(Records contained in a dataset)
=== Section Start ===

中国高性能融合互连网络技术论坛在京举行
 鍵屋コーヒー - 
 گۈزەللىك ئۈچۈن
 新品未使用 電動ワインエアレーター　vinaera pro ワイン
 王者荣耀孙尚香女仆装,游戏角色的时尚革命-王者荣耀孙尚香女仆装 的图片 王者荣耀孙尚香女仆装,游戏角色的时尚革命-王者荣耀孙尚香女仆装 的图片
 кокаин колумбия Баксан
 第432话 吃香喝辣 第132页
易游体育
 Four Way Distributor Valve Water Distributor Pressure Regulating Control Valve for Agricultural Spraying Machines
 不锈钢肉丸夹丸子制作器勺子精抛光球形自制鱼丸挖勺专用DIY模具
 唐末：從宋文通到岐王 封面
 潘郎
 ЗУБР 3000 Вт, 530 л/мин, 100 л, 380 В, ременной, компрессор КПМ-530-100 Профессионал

=== Section End ===

ASSIGNED TASK = Starting at the line that holds "唐末：從宋文通到岐王 封面", set down each line exactly through the last line of the records above, and no others.

WRITTEN SOLUTION =
 唐末：從宋文通到岐王 封面
 潘郎
 ЗУБР 3000 Вт, 530 л/мин, 100 л, 380 В, ременной, компрессор КПМ-530-100 Профессионал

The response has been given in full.